Living on Earth: Science Note--New Organs on Demand
The multi-arm bio-printer (photograph: Yin Yu, University of Iowa)
This month, University of Iowa researchers announced a breakthrough in bioengineering. In this week’s Note on Emerging Science, Naomi Arenberg reports that the first multi-arm bio-printer might be able to create new organs.
CURWOOD: It's Living On Earth, I'm Steve Curwood. Just ahead, tides ebb and flow like clock-work twice a day - but that doesn't ensure smooth sailing for tidal power. First here's this note on emerging science from Naomi Arenberg.
ARENBERG: A breakthrough in printer technology could make it possible for scientists to manufacture human organs in the laboratory. These bio-printers rely on mechanisms that resemble the old dot-matrix system, except that, instead of spraying dots of traditional ink, they spray “bio-ink.” That’s a solution of living cells and a thick liquid biomaterial that helps the cell grow into living tissue, once printed onto a surface. A container of this “bio-ink” is fastened to the end of a printer “arm,” which scans back and forth to print a row of dots on each pass.
The bio-printer is not a new idea, but now a new design by University of Iowa engineers enables specific tissue cells to be printed alongside blood vessel cells so fast, it’s almost simultaneous. This means that those tissue-specific cells can grow and develop with their own blood vessels, ensuring a flow of nutrients to the fragile, young tissue and hastening its development.

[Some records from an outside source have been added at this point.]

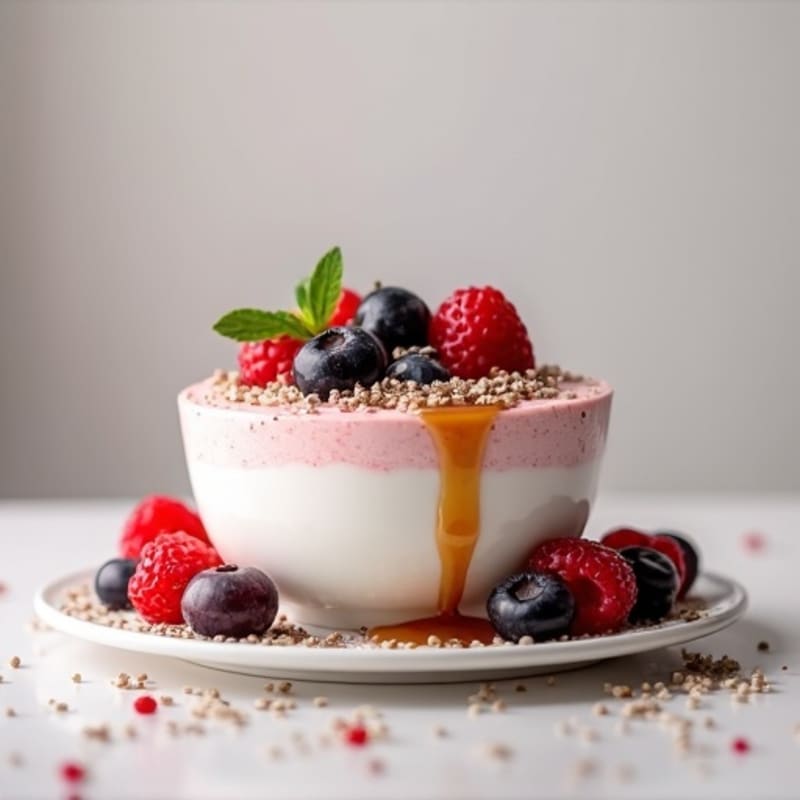 Greek Yogurt Protein Mousse with Mixed Berries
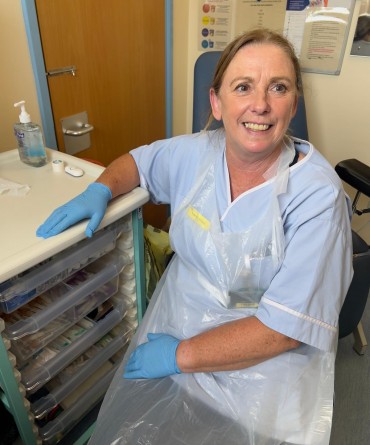 Sue at work in a phlebotomy room in Bridlington Hospital's outpatients department.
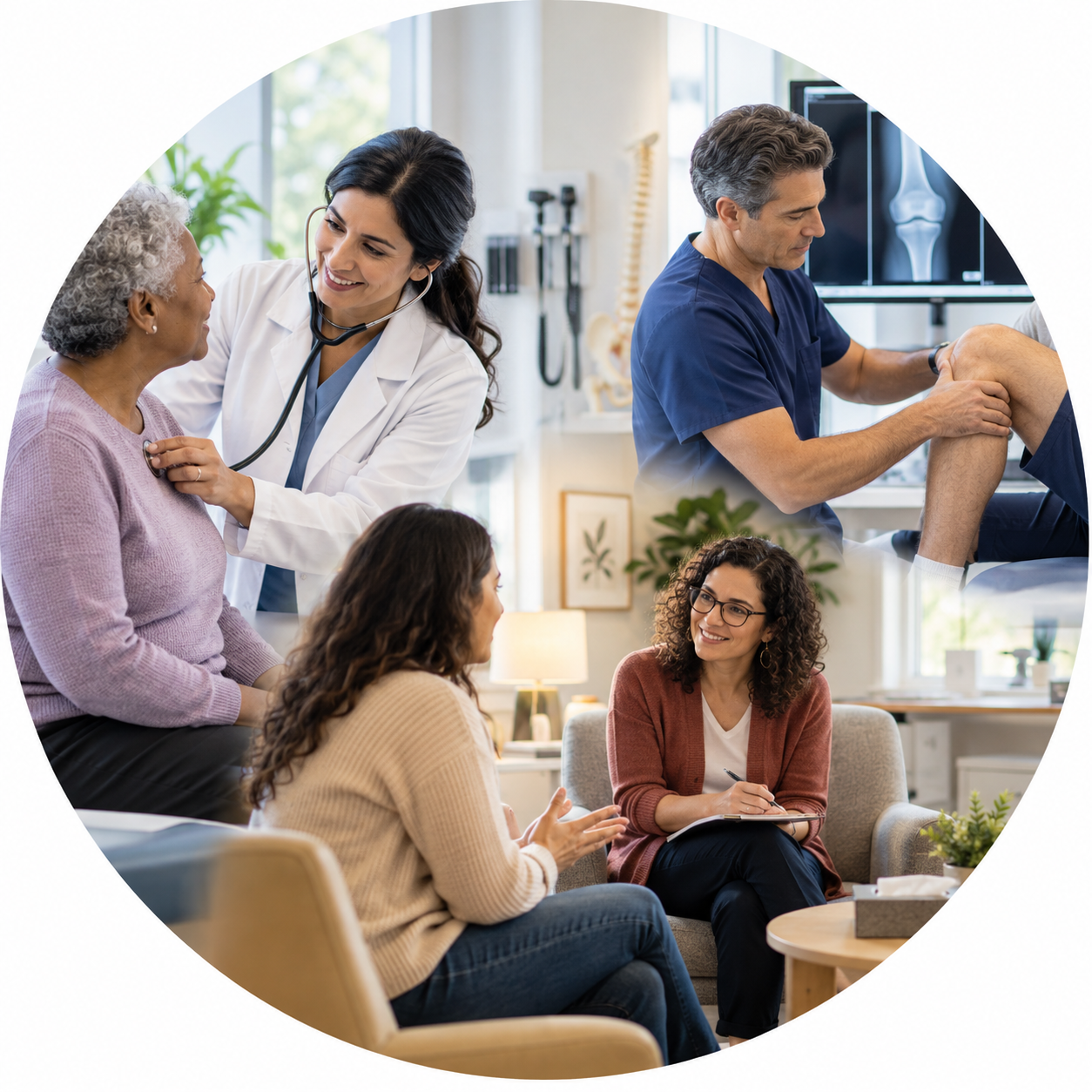 Care team supporting patients across primary care, orthopedics, and behavioral health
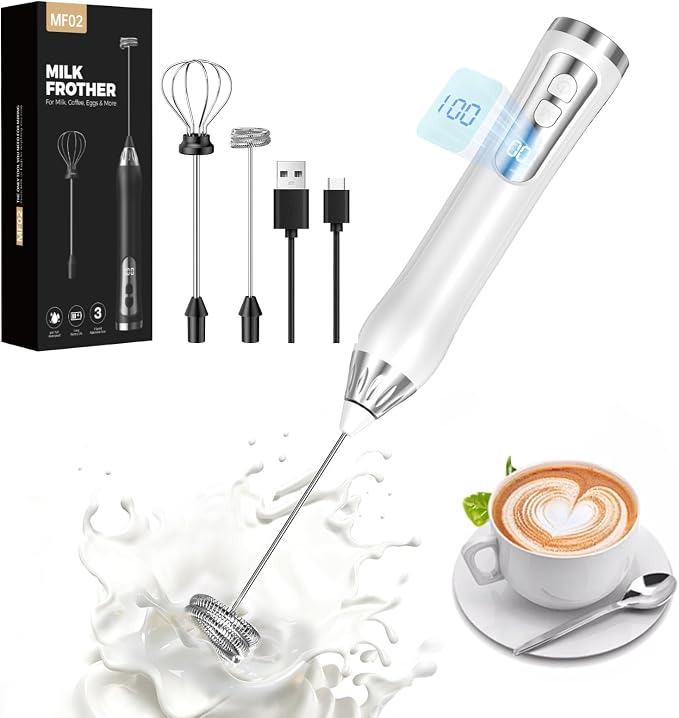 Rechargeable Milk Frother Handheld, IP67 Waterproof Coffee Frother with Digital Battery Display, 3-Speed Electric Milk Frother for Coffee, Latte, Cappuccino, Matcha, Protein Shakes & Eggs (White)
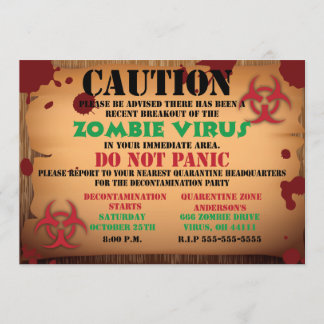 Inbjudan för Zombievirushalloween fest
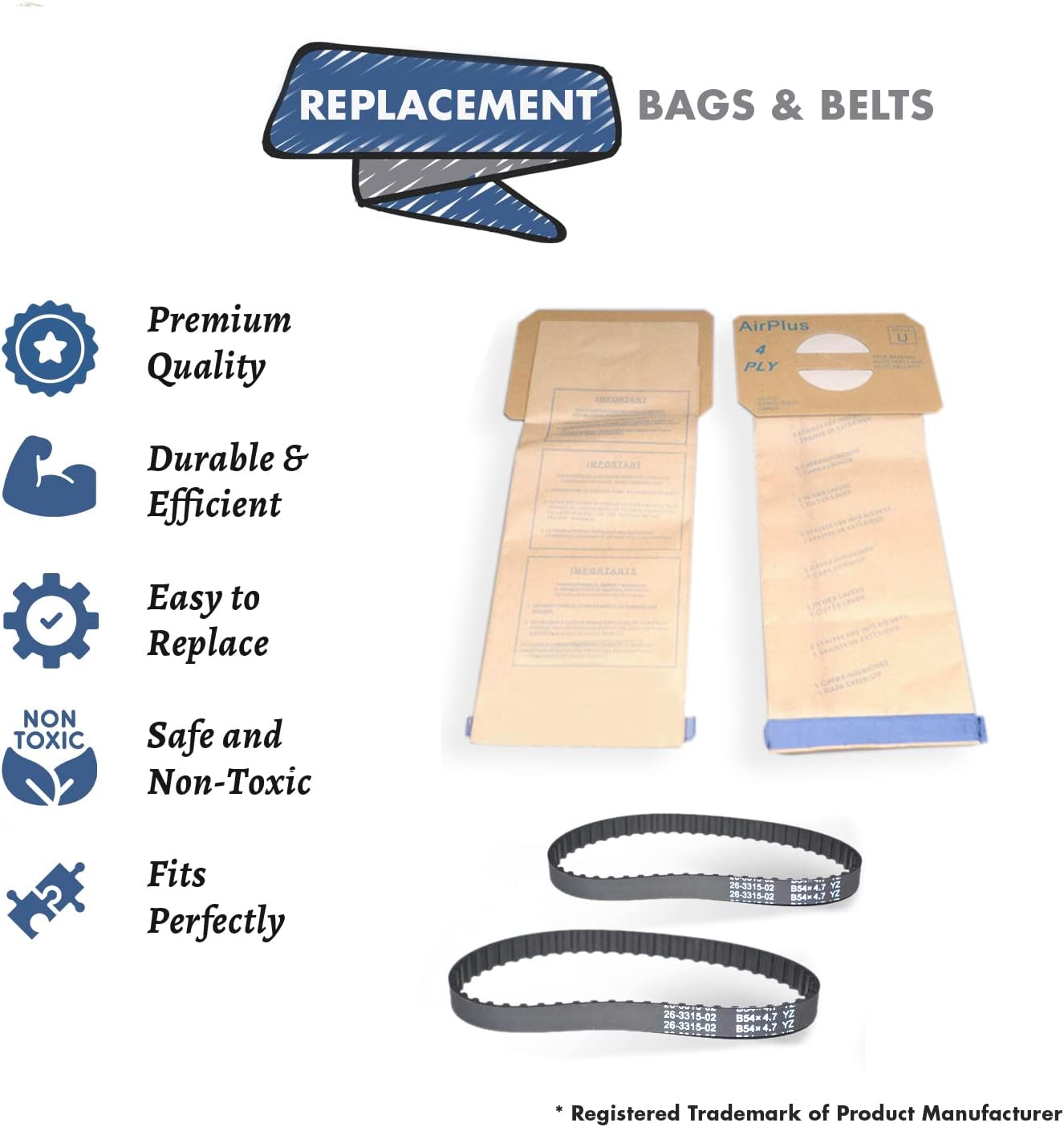 Replacement Part For Electrolux Vacuum 50 Bags With 2 Belt For Models Prolux, Discovery, Genesis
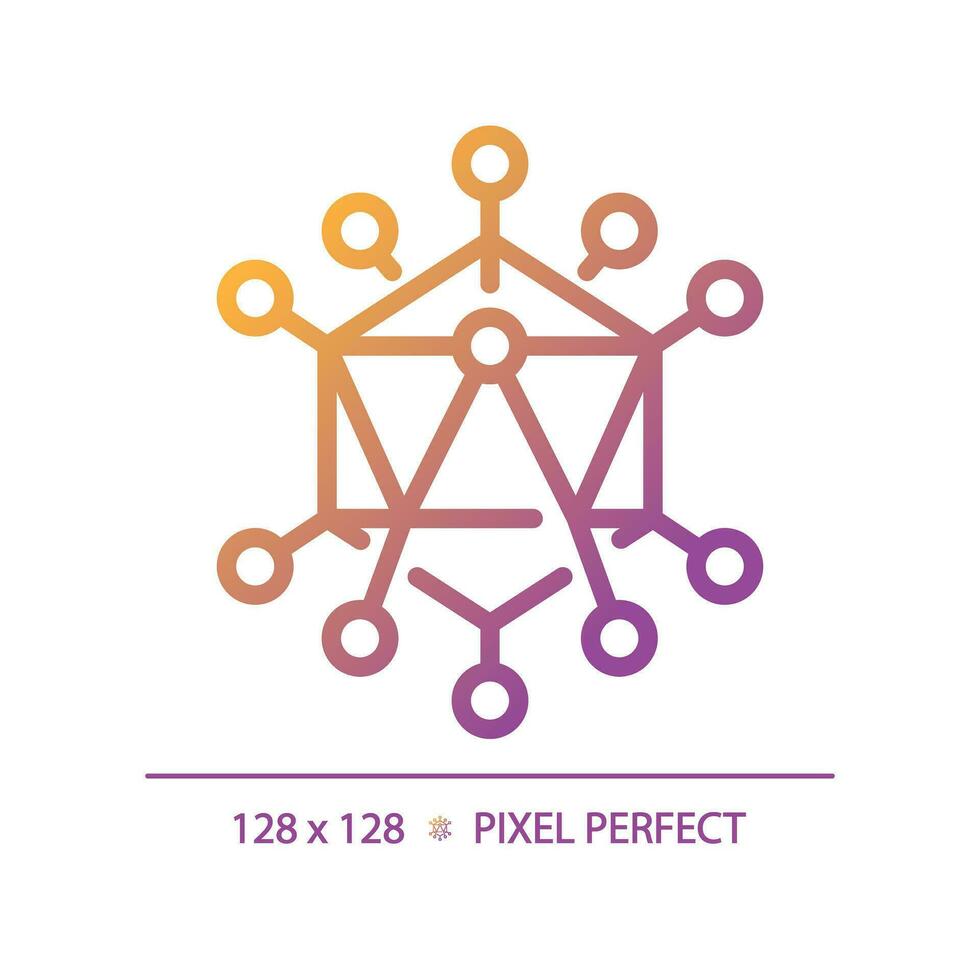 2D pixel perfect gradient adenovirus icon, isolated vector, thin line illustration representing bacteria. vector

What makes this possible is a double-arm printer. Until now, printers had only one arm, which laid down only a single line of bio-ink. The research team hopes to print human organs for transplant within five to 10 years. One of the first of these could be a pancreatic organ that could be implanted anywhere in the body to regulate glucose level. Now that people are living longer, the demand for replacement organs is far out-pacing supply. Perhaps the laboratory will be able to help fill the gap.
That’s this week’s note on emerging science. I’m Naomi Arenberg.